### What to produce
Look below for the line with "ISLAM ☪️AND POLITICS" and the line with "CHEVROLET CHEV AGILE"; repeat exactly those two lines and all lines between them, but no pictures.

[[ Input material open ]]

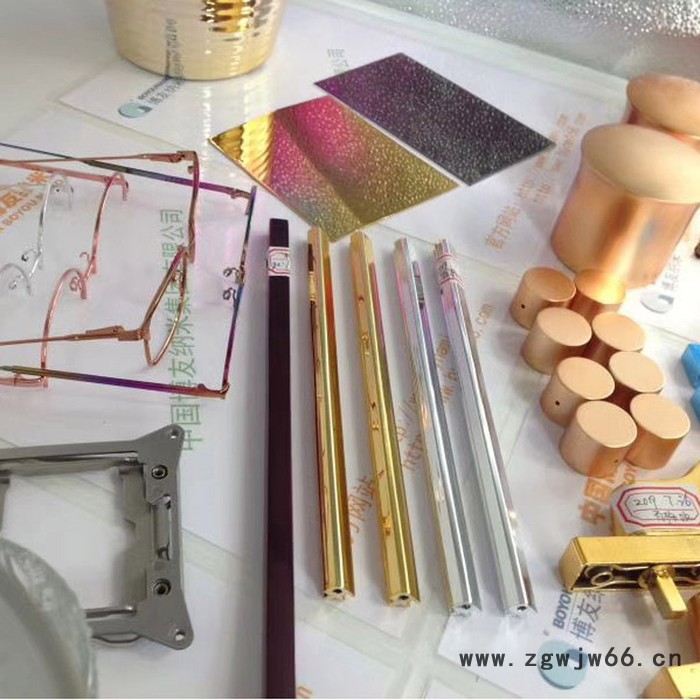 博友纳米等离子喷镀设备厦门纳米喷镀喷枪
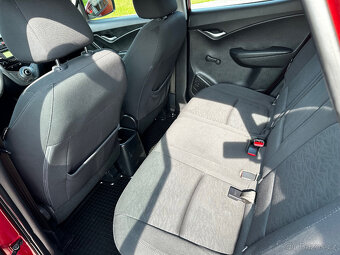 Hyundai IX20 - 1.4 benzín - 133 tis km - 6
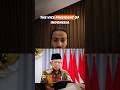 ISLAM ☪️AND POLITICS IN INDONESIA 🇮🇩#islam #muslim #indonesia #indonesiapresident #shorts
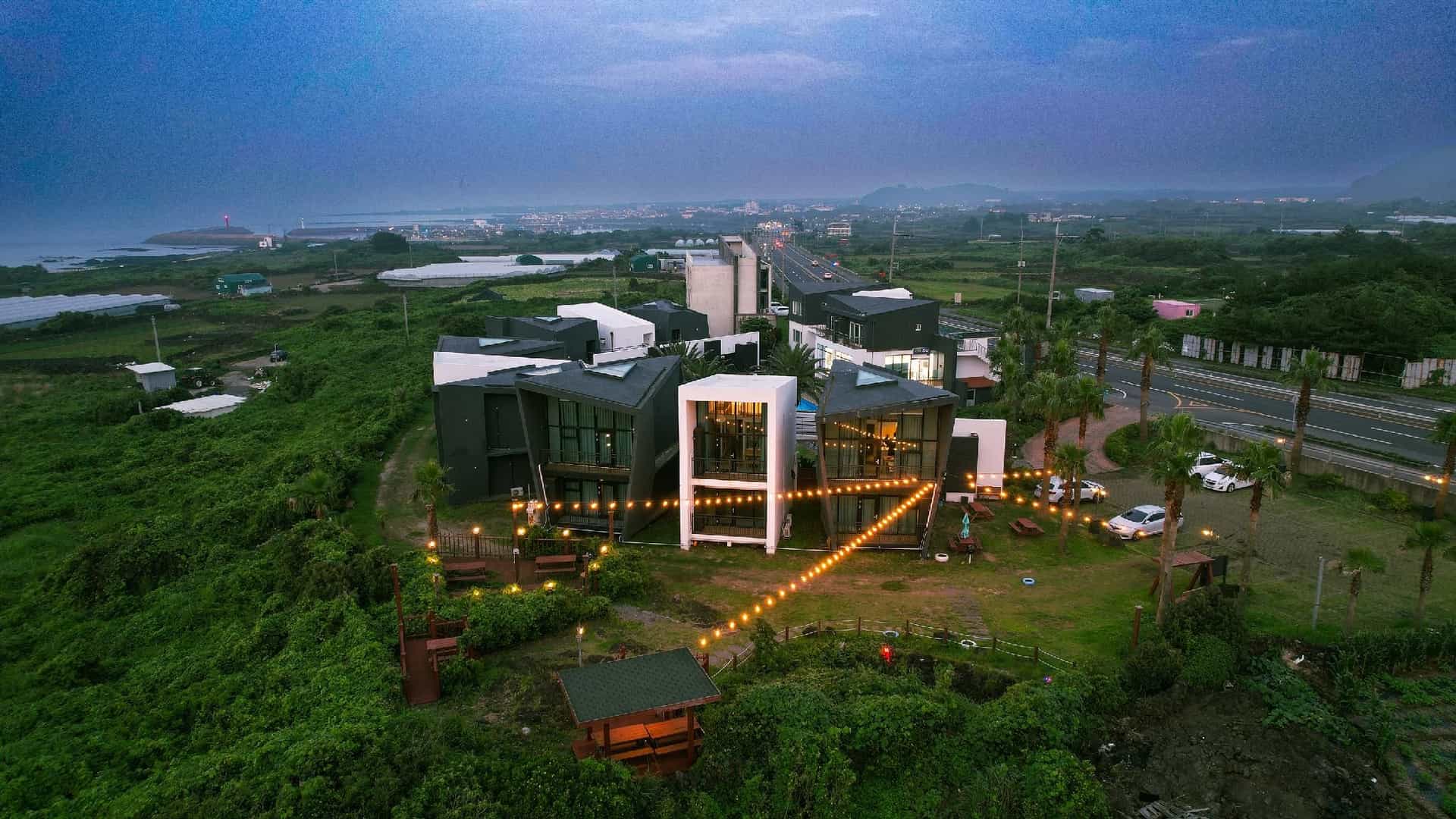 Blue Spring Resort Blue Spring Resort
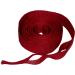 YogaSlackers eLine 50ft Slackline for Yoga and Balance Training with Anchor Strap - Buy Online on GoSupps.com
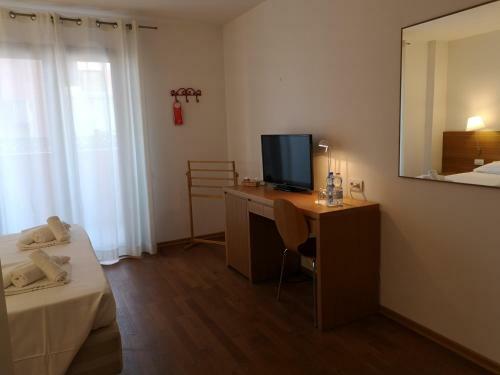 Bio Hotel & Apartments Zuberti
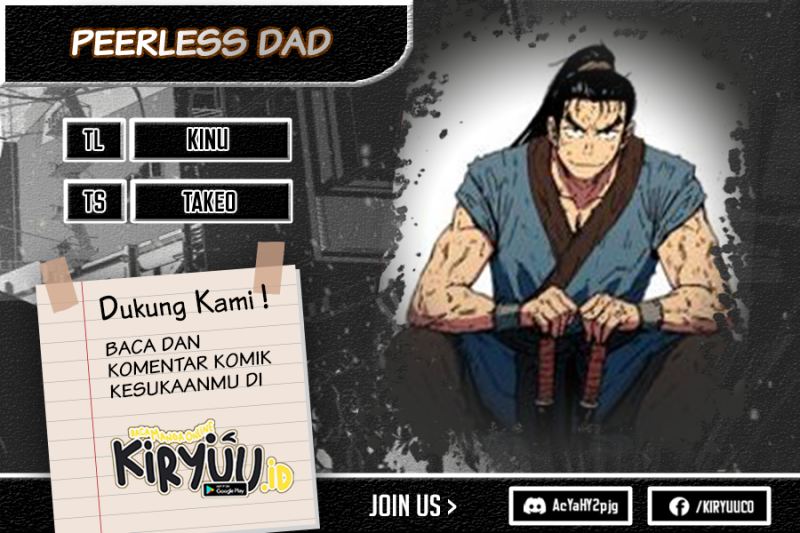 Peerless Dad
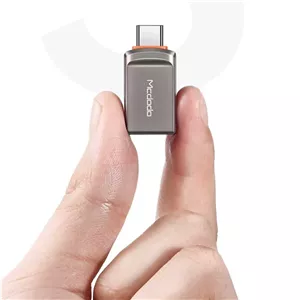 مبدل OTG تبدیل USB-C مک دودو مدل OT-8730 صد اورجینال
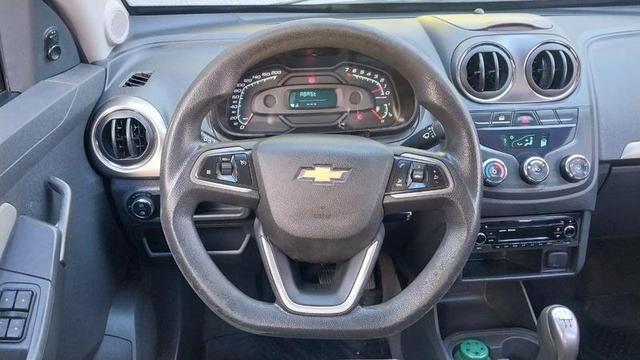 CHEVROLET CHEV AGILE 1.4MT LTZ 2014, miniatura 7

[[ Input material closed ]]
[[ Input material open ]]

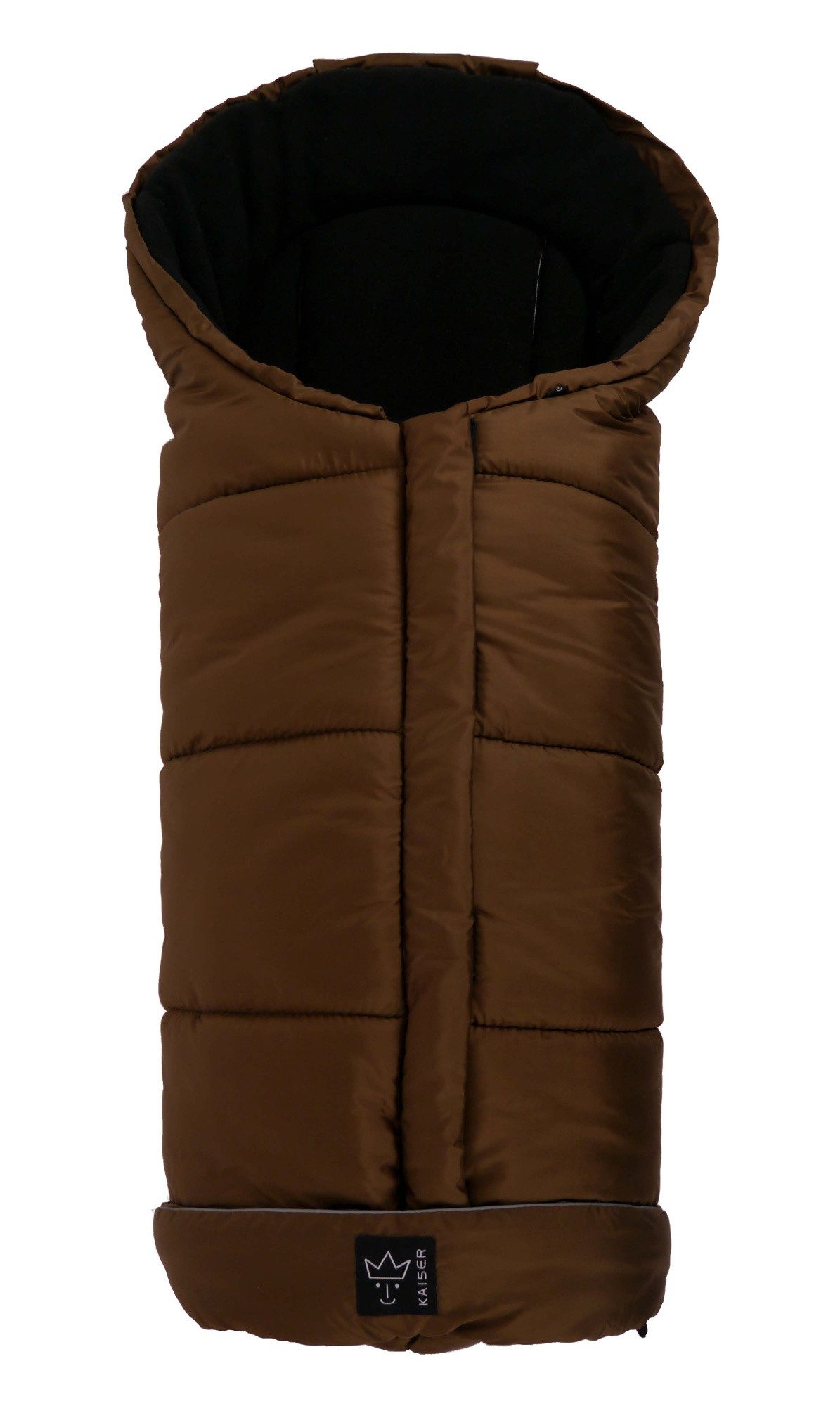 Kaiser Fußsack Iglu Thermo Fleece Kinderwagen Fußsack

[[ Input material closed ]]
[[ Input material open ]]

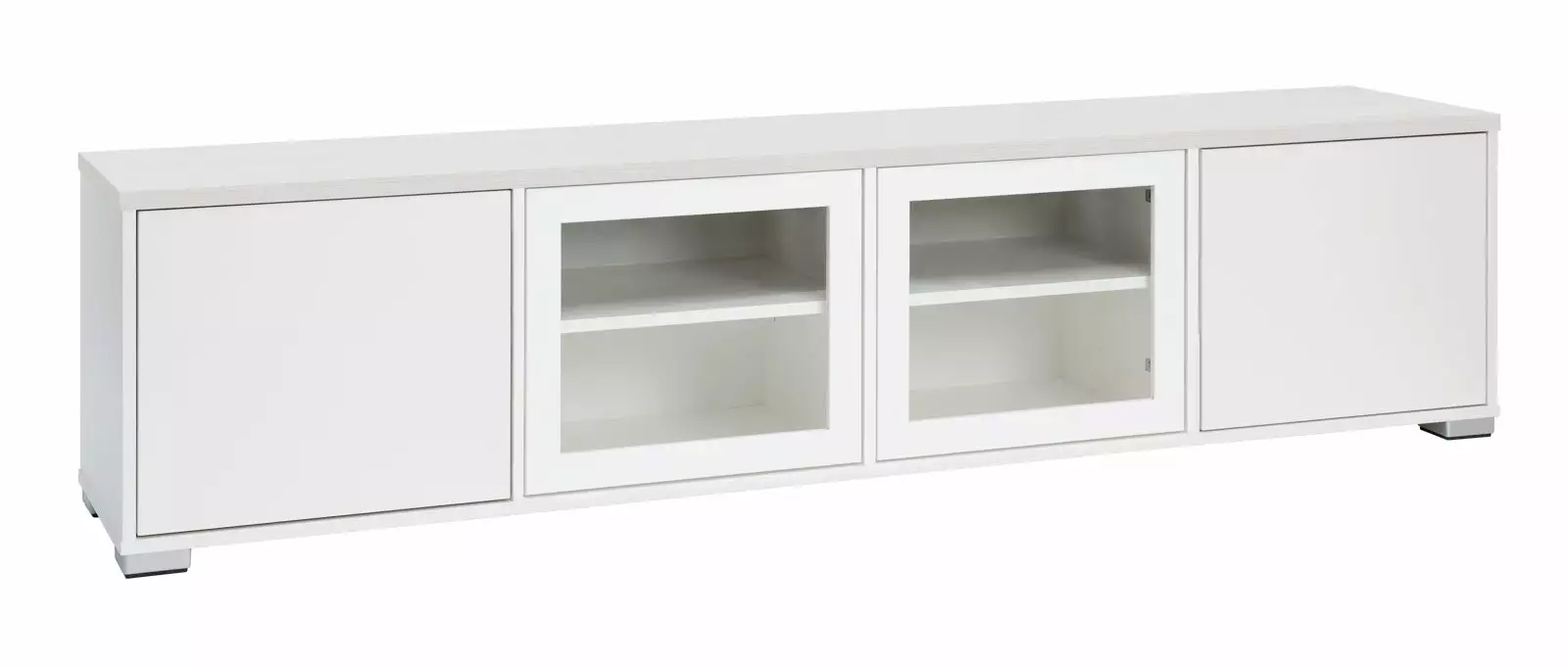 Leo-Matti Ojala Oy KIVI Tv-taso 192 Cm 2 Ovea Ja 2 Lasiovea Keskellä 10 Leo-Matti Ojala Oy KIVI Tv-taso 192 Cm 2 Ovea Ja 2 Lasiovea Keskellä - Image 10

[[ Input material closed ]]

### Result
 ISLAM ☪️AND POLITICS IN INDONESIA 🇮🇩#islam #muslim #indonesia #indonesiapresident #shorts
 Blue Spring Resort Blue Spring Resort
 YogaSlackers eLine 50ft Slackline for Yoga and Balance Training with Anchor Strap - Buy Online on GoSupps.com
 Bio Hotel & Apartments Zuberti
 Peerless Dad
 مبدل OTG تبدیل USB-C مک دودو مدل OT-8730 صد اورجینال
 CHEVROLET CHEV AGILE 1.4MT LTZ 2014, miniatura 7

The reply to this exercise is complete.